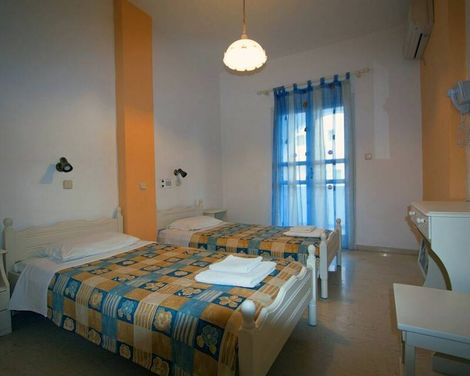 Sellada Apartments-3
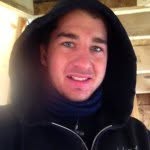 John DaRush - @johndarush - Instagram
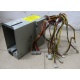 Корзина RPS-600 C Б/У для серверных БП (Шахты)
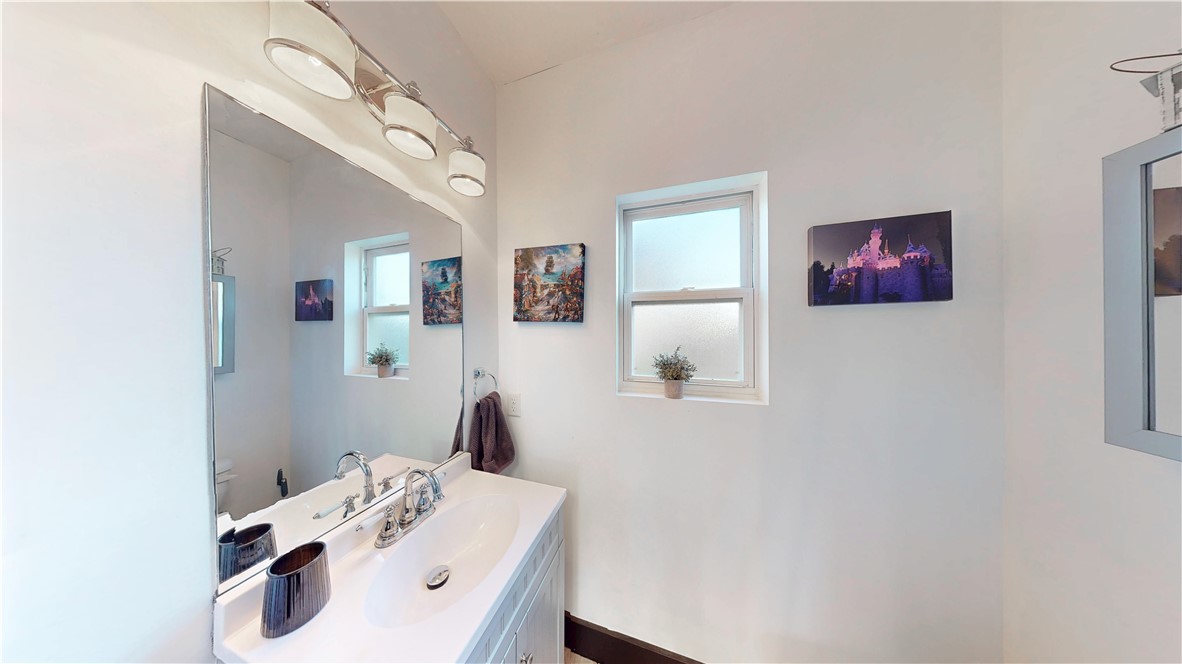 Brentwood - Residential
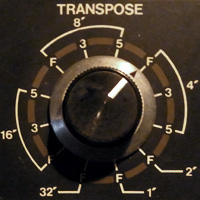 synccable's profile picture. PCシステムを使わずにハード機材のみで電子音楽を制作しています。愛するもの＝電子楽器、ドラムマシン、リズムボックス、アナログシンセ、ミキサー卓、ディレイ、宇宙、散歩、年期の入った建築物、古い町並みなど。音源発表の際はcaknobs名義でやってます。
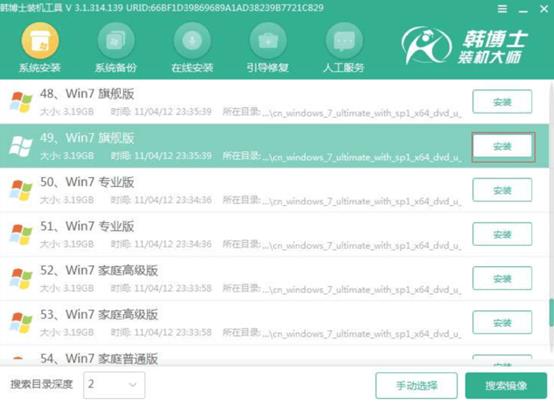 http://www.zh-tianda.com/data/upload/admin/20210129/6013b4219dd73.jpeg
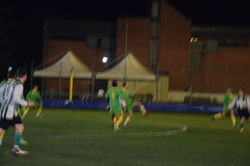 DSC_0849_risultato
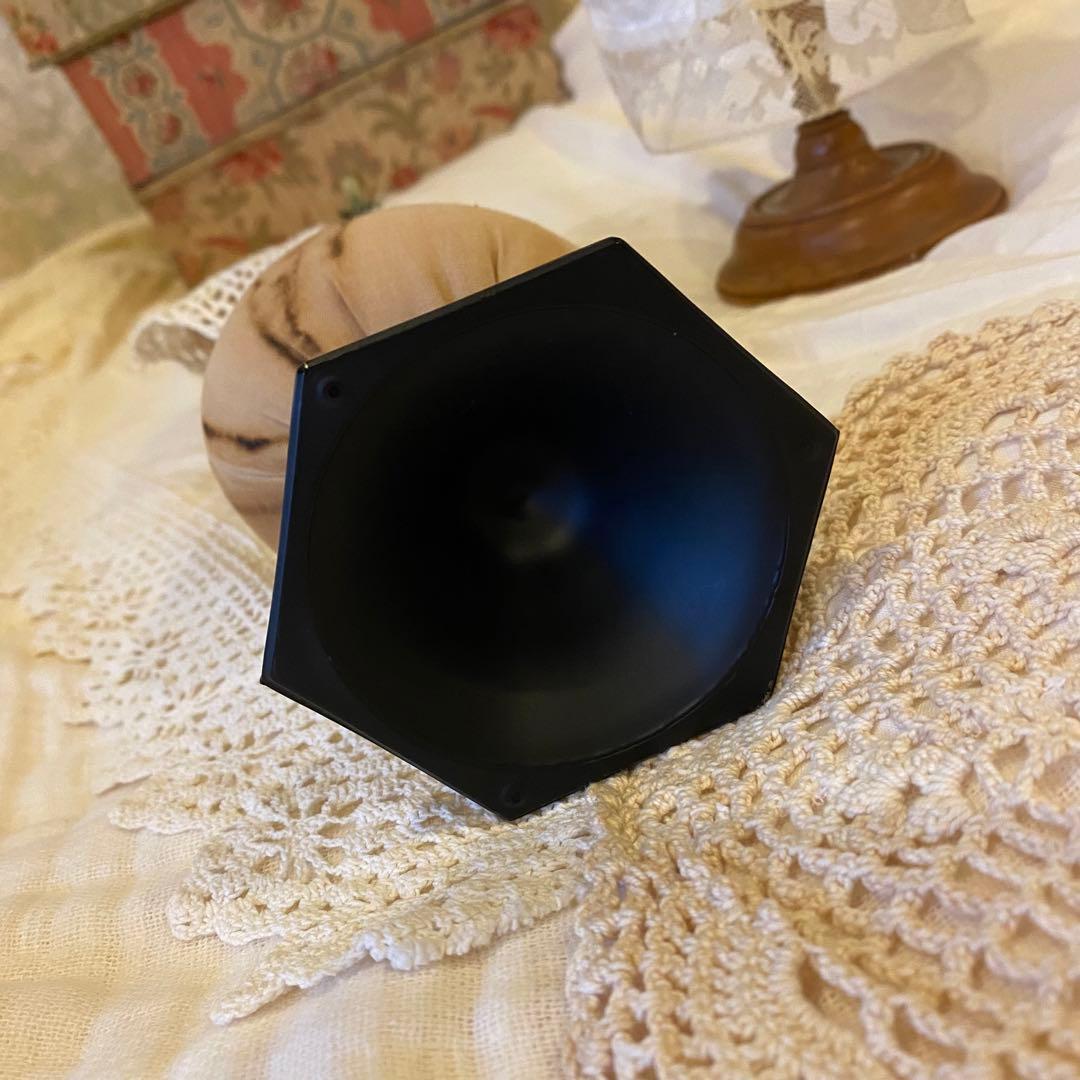 小さなトルソー　アンティーク　ヴィンテージ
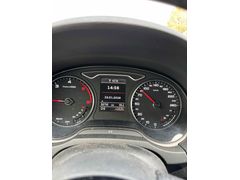 Sahibinden Audi A3 Sportback 30 TDI Design 2019 Model 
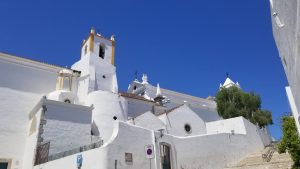 Tavira, Tavira (IC)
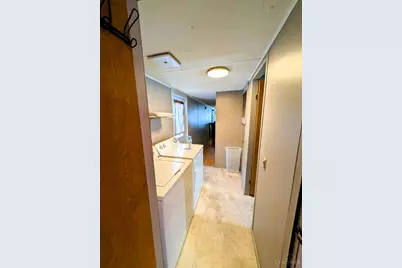 [Address not provided], Tate Township, OH 45106 - Photo 19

### PROBLEM REQUIREMENTS:
The expected output is an exact copy of the lines from the one holding "小さなトルソー　アンティーク　ヴィンテージ" through the last line of the listing above, with the pictures omitted.

### ANSWER TO THIS EXERCISE:
 小さなトルソー　アンティーク　ヴィンテージ
 Sahibinden Audi A3 Sportback 30 TDI Design 2019 Model 
 Tavira, Tavira (IC)
 [Address not provided], Tate Township, OH 45106 - Photo 19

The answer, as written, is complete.